Reproduce only the lines below from the line containing "Romulan Escalation Pack" to the line containing "Flowers Alice In Wonderland Necklace Disney", exactly as written, with both end lines kept. Omit the pictures.

● **Records for the task**:
****
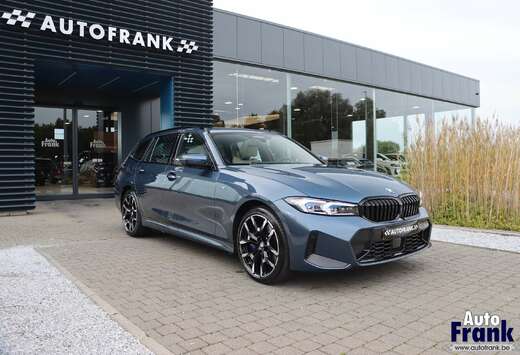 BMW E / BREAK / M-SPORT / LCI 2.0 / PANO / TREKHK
****
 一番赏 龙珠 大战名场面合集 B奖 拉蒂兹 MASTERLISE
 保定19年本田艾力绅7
****
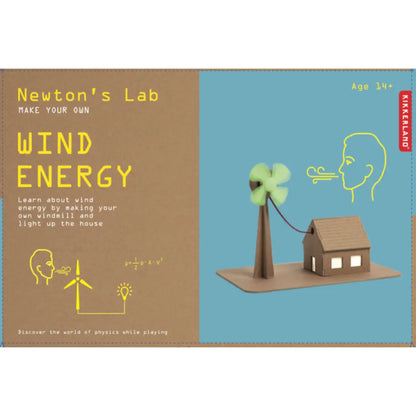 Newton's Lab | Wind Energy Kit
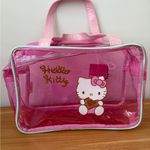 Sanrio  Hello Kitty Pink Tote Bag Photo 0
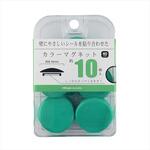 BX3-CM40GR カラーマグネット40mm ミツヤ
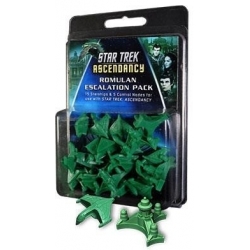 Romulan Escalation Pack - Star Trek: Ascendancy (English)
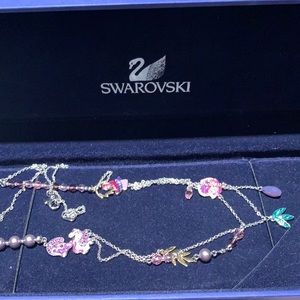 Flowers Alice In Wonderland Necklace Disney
****
● **Final answer**:
 Romulan Escalation Pack - Star Trek: Ascendancy (English)
 Flowers Alice In Wonderland Necklace Disney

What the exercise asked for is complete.